Verona, 16 February 2018
“We at FS Italiane Group feel a very strong responsibility in regards to environmental sustainability and the challenge to eliminate CO2 emissions into the atmosphere through medium and long term objectives. We are engaged in involving all of the players in the public transport sector so that practical and fully sustainable solutions to mobility requirements of both people and goods, in Italy and in Europe, can be identified as soon as possible. The incorporation of Anas into the Group and membership of the Global Compact are among the steps in this direction”.
Gioia Ghezzi, Chairperson of FS Italiane, stressed this during her speech at the technical panel ‘A sustainable country: investment, insuring for the future 2018 Confindustria General Assembly’, currently underway in Verona. Her speech was devoted to the theme of climate change and the need for Italian businesses to immediately embark on practical measures to eliminate emissions of CO2 and other greenhouse gases.
“Italy is one of the countries in which climate change is causing extremely significant damage”, stressed Gioia Ghezzi, noting that it is very much in the interests of our country that concrete action is taken at a global level to meet the objectives of the COP21 Paris Agreement: a deal in which 192 countries committed to reducing their own emissions sufficiently to keep the increase in the average temperature of the planet to well below 2°C above pre-industrial levels.
The effects of climate change (lengthening of periods of drought, water shortages, extreme precipitation events, heat waves, fires etc.) are in fact generating ever-increasing costs and a progressive loss of competitiveness for production chains and the national economy as a whole: higher direct costs to deal with emergencies, business interruption, increased insurance premiums, as well as more specific effects on the various sectors (agri-foods sector, tourism, logistics, etc.).
“Globally, the industrial world has 20-30 years at the most to gradually reduce atmospheric emissions, until they are completely eliminated, and to create carbon negative technologies. If we consider the magnitude of the action needed for such profound changes, which in some cases mean a full review of the entire production chain, the time available is very short. Immediate action is needed,” she continued, highlighting the evaluations by researchers on the Intergovernmental Panel on Climate Change (IPCC).
Full conversion to zero-emission forms of renewable energy, a modal shift of transportation and logistics towards vehicles with lower emissions, redesigning production cycles to avoid emissions and energy release, and redesigning buildings, not only to avoid energy loss, but also to produce and capture energy. These are the priority areas for action mentioned by Ghezzi: “Businesses must make an immediate and direct commitment, and the Confindustria membership structure can play a fundamental role in this regard for coordination and support”.
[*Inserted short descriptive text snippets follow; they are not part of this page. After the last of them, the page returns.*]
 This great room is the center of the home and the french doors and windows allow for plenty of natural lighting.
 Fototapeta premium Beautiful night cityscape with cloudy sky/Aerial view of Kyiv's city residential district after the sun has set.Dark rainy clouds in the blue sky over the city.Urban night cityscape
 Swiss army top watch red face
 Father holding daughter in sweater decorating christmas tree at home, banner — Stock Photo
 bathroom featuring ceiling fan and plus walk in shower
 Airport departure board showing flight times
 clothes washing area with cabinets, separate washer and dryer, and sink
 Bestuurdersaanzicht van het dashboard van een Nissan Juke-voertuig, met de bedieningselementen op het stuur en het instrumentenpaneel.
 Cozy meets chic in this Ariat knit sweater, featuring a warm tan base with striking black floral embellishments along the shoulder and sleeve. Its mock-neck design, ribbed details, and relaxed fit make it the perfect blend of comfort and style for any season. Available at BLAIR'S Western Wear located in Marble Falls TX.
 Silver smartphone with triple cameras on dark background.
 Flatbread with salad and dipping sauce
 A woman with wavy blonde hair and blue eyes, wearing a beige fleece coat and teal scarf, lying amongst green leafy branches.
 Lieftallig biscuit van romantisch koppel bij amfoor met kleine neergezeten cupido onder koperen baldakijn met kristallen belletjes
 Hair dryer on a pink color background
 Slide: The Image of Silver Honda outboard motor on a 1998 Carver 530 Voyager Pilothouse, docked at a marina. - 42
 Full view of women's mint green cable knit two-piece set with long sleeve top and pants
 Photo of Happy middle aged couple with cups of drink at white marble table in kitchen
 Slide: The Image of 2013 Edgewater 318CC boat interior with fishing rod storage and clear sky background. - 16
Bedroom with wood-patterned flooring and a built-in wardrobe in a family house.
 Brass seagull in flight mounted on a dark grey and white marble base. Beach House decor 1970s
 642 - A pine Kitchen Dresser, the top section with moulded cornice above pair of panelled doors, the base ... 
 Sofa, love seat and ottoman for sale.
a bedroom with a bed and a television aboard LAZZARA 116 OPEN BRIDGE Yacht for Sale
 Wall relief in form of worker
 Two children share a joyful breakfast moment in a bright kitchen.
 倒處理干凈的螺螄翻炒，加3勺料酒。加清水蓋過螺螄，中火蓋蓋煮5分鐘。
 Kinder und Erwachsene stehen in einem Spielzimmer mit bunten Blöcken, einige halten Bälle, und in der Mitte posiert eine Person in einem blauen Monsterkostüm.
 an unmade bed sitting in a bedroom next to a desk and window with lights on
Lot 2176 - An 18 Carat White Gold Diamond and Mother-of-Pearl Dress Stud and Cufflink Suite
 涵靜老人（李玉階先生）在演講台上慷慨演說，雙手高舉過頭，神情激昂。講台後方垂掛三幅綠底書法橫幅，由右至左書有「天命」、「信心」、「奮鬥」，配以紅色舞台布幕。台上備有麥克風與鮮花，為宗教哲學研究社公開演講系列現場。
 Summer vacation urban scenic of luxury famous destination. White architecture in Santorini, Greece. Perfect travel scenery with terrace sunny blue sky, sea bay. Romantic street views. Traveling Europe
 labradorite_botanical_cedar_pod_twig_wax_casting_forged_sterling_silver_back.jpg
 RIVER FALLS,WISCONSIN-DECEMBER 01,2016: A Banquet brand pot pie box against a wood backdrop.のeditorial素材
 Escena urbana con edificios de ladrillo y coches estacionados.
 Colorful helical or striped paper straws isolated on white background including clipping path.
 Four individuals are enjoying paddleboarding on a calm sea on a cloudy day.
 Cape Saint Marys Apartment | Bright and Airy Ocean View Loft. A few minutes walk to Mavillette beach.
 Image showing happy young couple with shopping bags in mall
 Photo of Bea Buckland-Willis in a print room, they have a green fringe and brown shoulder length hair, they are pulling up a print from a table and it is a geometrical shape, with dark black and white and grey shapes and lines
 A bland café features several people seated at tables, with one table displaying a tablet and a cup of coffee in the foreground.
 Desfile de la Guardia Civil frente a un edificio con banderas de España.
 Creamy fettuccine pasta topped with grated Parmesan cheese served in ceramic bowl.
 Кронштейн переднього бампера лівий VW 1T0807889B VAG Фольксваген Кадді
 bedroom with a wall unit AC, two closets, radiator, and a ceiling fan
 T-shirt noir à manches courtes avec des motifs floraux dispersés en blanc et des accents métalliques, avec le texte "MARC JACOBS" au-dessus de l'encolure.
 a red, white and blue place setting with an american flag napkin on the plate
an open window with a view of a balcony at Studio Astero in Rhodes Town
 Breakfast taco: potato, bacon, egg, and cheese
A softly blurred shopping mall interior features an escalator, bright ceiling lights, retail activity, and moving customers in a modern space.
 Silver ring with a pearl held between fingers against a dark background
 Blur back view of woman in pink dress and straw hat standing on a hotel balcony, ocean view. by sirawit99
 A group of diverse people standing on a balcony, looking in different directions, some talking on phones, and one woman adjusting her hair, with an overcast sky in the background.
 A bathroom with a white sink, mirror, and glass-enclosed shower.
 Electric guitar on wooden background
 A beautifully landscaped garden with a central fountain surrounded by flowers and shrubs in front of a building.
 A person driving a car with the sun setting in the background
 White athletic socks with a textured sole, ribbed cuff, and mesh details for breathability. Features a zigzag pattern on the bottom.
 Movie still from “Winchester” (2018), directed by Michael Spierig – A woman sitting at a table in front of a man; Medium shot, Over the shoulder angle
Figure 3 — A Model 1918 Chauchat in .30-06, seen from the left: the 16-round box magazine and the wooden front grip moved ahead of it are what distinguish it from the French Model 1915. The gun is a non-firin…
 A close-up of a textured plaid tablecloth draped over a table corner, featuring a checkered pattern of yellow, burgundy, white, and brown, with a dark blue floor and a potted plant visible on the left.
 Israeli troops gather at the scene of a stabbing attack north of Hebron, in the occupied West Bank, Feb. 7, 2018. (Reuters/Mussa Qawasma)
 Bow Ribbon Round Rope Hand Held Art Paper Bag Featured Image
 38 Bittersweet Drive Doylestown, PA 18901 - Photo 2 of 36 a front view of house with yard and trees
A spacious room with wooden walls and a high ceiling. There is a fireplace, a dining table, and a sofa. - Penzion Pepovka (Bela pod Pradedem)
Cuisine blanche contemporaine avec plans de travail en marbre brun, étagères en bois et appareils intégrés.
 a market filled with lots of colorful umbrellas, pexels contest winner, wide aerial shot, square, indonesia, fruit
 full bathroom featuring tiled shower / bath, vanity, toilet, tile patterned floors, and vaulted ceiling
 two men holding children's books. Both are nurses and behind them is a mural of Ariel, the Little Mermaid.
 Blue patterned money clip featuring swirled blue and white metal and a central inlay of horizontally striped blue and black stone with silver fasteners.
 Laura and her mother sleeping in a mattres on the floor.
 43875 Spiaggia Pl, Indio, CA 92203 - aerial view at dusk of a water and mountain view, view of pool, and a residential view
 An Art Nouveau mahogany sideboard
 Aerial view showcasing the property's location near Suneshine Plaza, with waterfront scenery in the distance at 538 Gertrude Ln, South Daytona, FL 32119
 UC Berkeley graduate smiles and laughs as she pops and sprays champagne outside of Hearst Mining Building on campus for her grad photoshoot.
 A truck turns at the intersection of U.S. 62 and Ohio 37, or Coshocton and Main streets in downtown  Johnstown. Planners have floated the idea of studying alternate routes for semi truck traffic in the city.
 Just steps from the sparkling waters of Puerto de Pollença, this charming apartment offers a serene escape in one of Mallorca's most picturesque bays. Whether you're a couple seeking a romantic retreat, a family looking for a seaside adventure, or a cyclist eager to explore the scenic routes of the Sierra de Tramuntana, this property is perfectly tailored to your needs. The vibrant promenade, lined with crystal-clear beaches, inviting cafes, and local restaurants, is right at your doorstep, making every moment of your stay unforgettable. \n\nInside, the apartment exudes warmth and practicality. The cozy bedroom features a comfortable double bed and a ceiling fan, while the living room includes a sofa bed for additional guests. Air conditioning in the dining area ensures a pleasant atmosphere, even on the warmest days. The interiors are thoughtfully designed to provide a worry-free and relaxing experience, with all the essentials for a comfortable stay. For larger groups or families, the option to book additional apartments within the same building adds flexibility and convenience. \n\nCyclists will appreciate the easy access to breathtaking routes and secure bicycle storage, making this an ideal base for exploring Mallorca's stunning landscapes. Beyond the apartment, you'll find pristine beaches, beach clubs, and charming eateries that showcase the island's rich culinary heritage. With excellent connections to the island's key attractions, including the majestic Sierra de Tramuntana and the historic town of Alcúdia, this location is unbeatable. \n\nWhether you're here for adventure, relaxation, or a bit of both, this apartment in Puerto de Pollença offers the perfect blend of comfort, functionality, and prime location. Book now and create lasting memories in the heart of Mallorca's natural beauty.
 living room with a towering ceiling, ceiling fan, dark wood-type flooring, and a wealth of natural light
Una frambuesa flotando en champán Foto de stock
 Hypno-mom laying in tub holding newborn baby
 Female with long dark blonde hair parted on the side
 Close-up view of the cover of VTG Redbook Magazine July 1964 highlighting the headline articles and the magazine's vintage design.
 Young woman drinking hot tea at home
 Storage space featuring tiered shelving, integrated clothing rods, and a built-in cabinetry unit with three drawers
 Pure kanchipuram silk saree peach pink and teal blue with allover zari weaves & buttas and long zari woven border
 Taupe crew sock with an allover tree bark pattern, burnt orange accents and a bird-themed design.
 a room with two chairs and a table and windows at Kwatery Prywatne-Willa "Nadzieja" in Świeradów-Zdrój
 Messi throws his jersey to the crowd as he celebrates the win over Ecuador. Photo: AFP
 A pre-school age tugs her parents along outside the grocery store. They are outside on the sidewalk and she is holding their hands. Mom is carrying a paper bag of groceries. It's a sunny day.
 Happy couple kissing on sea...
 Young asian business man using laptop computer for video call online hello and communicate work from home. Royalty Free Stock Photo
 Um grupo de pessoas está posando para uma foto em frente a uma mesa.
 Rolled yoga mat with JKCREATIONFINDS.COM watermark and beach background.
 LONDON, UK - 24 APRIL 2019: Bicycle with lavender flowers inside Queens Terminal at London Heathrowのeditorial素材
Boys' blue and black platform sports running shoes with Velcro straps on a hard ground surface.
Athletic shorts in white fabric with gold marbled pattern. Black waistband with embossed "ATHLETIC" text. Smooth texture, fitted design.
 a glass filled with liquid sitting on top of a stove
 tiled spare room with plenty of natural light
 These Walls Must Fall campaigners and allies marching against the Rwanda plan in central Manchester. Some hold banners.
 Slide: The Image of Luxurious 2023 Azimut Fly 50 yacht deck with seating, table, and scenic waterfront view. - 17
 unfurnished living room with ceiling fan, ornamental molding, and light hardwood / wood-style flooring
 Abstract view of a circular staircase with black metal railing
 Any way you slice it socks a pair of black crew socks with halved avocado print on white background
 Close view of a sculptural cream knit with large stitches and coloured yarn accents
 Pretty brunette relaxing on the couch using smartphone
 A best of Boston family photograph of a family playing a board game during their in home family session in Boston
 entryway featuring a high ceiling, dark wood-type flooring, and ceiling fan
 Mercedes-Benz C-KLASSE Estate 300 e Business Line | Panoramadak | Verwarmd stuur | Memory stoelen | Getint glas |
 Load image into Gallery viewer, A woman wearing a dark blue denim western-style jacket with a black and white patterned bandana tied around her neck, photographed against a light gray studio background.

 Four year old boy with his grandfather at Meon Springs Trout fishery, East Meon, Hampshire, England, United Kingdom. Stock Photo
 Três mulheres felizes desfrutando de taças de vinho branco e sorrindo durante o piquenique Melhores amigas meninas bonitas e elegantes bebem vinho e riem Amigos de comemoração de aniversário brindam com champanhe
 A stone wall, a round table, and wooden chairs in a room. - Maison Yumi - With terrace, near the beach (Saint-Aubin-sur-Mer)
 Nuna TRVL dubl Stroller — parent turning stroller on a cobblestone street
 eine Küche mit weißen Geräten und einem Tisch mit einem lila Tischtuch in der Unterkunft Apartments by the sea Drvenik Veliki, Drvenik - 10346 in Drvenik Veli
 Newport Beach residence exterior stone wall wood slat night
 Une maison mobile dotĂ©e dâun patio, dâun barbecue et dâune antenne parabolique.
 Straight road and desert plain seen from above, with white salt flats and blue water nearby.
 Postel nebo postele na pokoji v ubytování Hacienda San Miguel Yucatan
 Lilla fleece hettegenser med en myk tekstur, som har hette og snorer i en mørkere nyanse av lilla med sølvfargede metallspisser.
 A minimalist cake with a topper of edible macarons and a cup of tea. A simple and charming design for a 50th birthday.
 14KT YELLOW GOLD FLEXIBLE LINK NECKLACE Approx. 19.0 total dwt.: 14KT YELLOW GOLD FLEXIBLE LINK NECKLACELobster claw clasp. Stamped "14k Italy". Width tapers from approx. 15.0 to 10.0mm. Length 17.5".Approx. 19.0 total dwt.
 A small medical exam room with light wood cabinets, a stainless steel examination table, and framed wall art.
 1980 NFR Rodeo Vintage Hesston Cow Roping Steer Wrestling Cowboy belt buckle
These are matters that go well beyond the ethical duty to deal with the issue of sustainable transformation of production chains: “If we want our businesses to still be competitive in 20 years, we have to immediately begin transitioning towards fully sustainable operating models. Businesses are under pressure on three fronts: regulatory, with rules that will gradually become increasingly stringent as the effects of climate change become more obvious and apparent at a political level; from customers, who will be increasingly aware and knowledgeable in their purchasing choices; and from capital investors, for whom sustainability will be even more of a necessary condition for providing funding and, to an even greater extent, for investments in share capital. The extraordinary success of the recent Green Bond issue by FS Italiane, achieving a rate of return equal to 0.875%, demonstrates that environmental sustainability is a tangible competitive advantage as well as having ethical value”.
In closing, Gioia Ghezzi highlighted the importance of the role that Confindustria can play in pressing the Italian Government to instigate and facilitate change in the near future: making the Italian COP 21 targets explicit, including through regulatory measures; rethinking the system of incentives and disincentives in order to support sustainable production and the transition of businesses – particularly SMEs – which are ready to commit to and invest in the change, to take on a leadership role in Europe for these matters, alongside other countries, such as France, that are showing themselves to be aware and active.